Statistical analyses

Statistical analyses were performed with SAS, version 9.4 (SAS Institute Inc., Cary, NC, USA), STATA, version 12 (StataCorp, College Station, TX, USA), and the statistical software R, version 3.3.3 (http://www.r-project.org/). The p-values are two-tailed, and statistical significance was defined as p<0.05. Participants with missing value in one or more variables were excluded in the regression models. The univariable genetic association analyses of the milk-associated SNP and milk intake status, hay fever, asthma and lung function were assessed using linear and logistic regression and performed unadjusted; adjusted for age, gender, and genetic principal components (PCs); and further adjusted for smoking, alcohol, and BMI (Table 34).
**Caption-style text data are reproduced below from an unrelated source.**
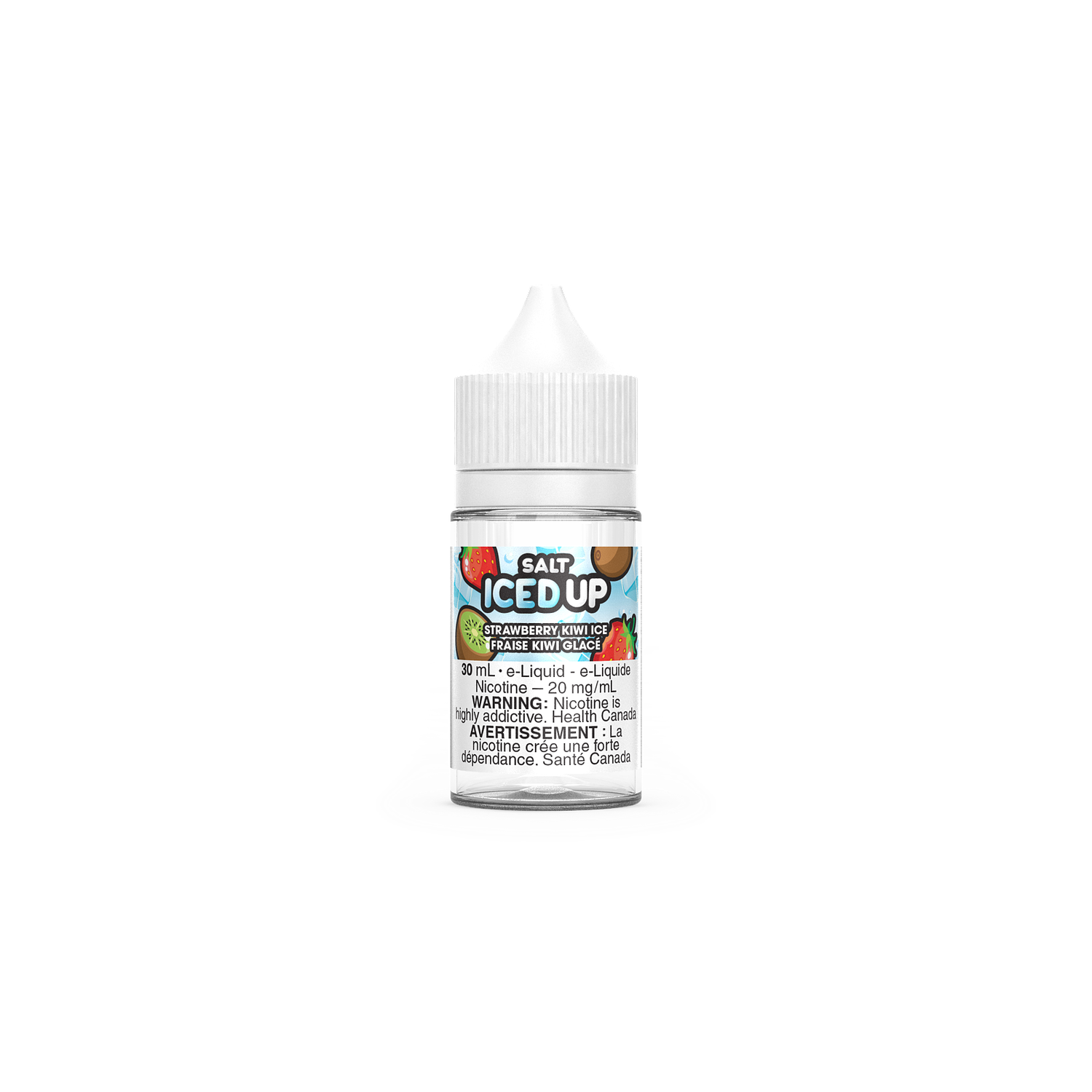Strawberry Kiwi Iced Up Salts 30ml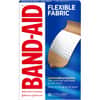 JOJ5685 - Flexible Fabric Adhesive Bandages - Extra Large, - 1.25" Width x 4" Length, Tan, 10 / Box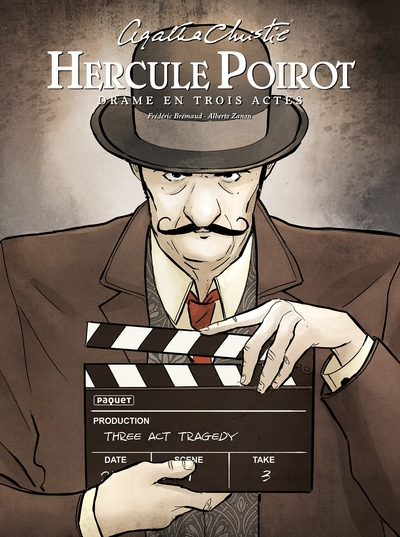 Hercule Poirot, tome 7 : Drame en trois actes (BD)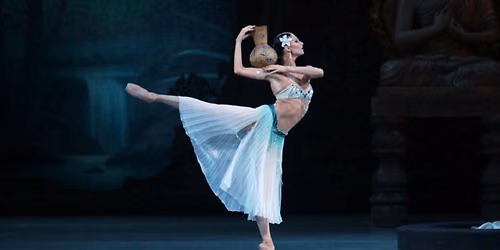 La Bayad\u00e8re (The Temple Dancer) - Ballet set in Ancient India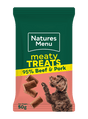 Natures Menu Beef Meaty Training Treats for Dogs 50g Dog Treats Natures Menu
The conventional observational analyses of the associations of milk intake status with hay fever, asthma and lung function were assessed by logistic and linear regression analyses and were performed unadjusted; adjusted for age, and gender; and further adjusted for smoking status, alcohol status and BMI (Table 2 and 5). Third, for the model adjusted for age, gender, and genetic PCs, instrumental variable (IV) analyses were performed by the “MendelianRandomization” package in R using the inverse variance-weighted method (“mr_ivw”), similar to the ratio method for a single IV. This model is considered the most correct: it is most likely to account for factors unaccounted for by the genetic instruments (such as the principal components) and least likely to infer additional bias by breaking the ‘randomization’ (by adjusting for, e.g., BMI that could infer bias if associated with an unmeasured confounder).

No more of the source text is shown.